Directions: The entries below contain pictures, which are to be left out; write out exactly, and only, the lines from the line with "Studio 101 - First" up to and including the line with "Donja luka Apartment".

Exercise materials:
- Opening Delimiter -

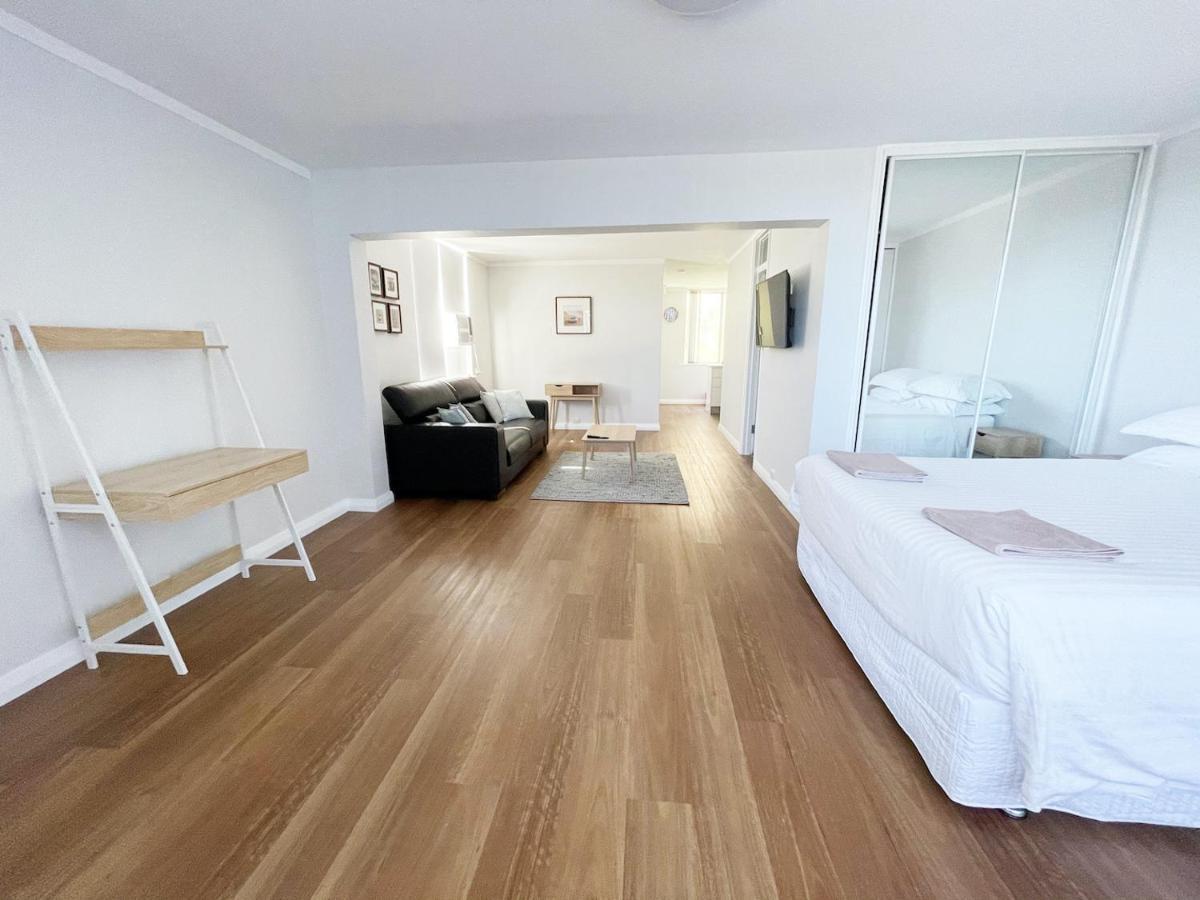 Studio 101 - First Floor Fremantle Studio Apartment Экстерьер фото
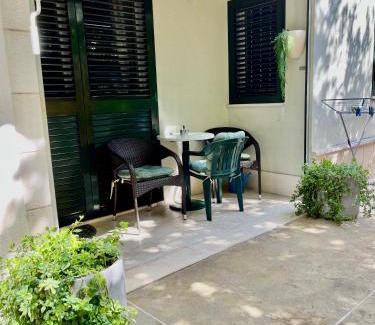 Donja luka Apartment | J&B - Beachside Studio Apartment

- Closing Delimiter -
- Opening Delimiter -

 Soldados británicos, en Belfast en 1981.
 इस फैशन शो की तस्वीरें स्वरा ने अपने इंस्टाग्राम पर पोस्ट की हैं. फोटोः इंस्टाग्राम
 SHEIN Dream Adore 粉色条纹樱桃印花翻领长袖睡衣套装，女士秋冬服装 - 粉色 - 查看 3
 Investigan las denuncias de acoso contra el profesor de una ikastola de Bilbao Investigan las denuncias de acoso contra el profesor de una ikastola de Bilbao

- Closing Delimiter -
- Opening Delimiter -

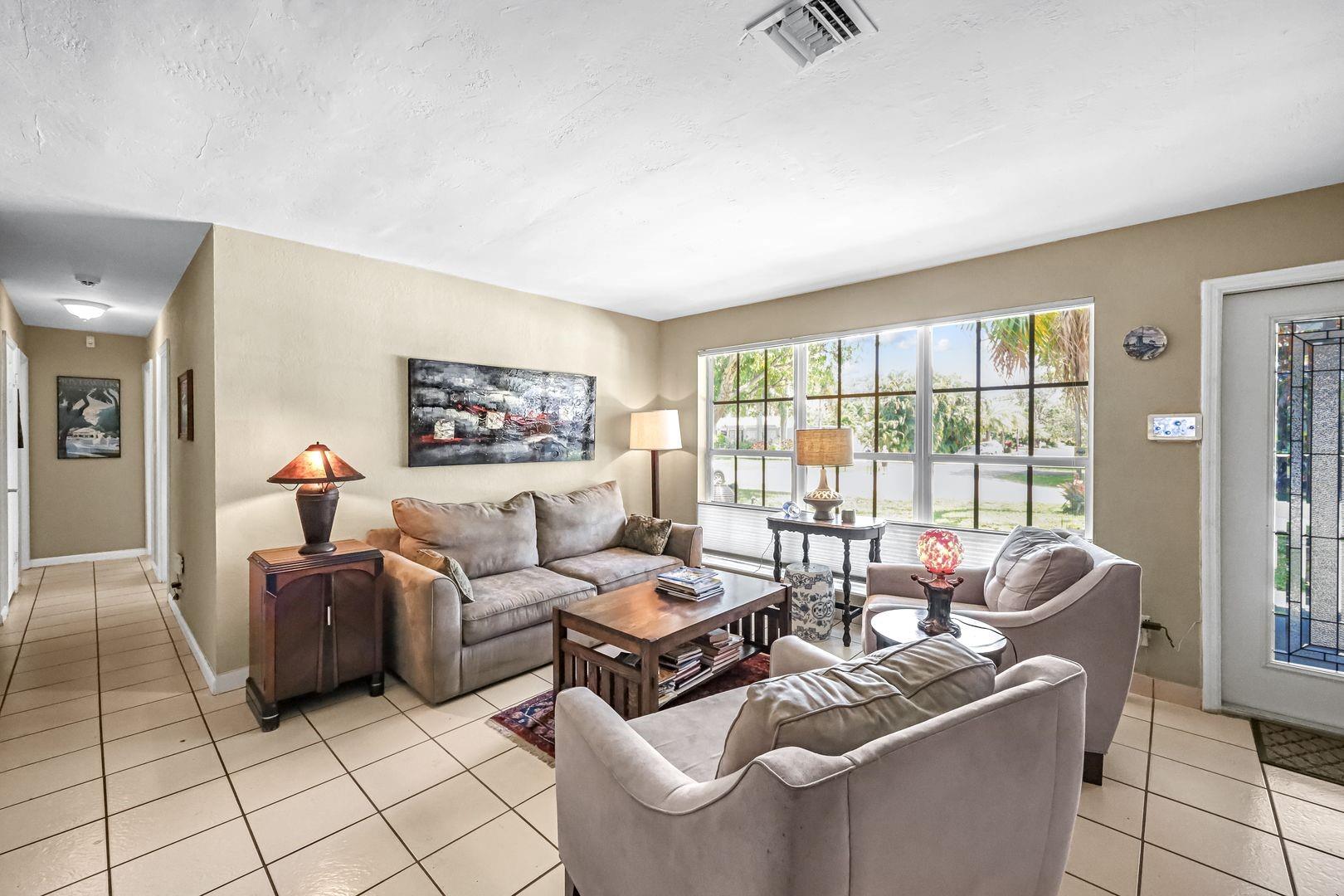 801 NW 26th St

- Closing Delimiter -

Problem solution:
 Studio 101 - First Floor Fremantle Studio Apartment Экстерьер фото
 Donja luka Apartment | J&B - Beachside Studio Apartment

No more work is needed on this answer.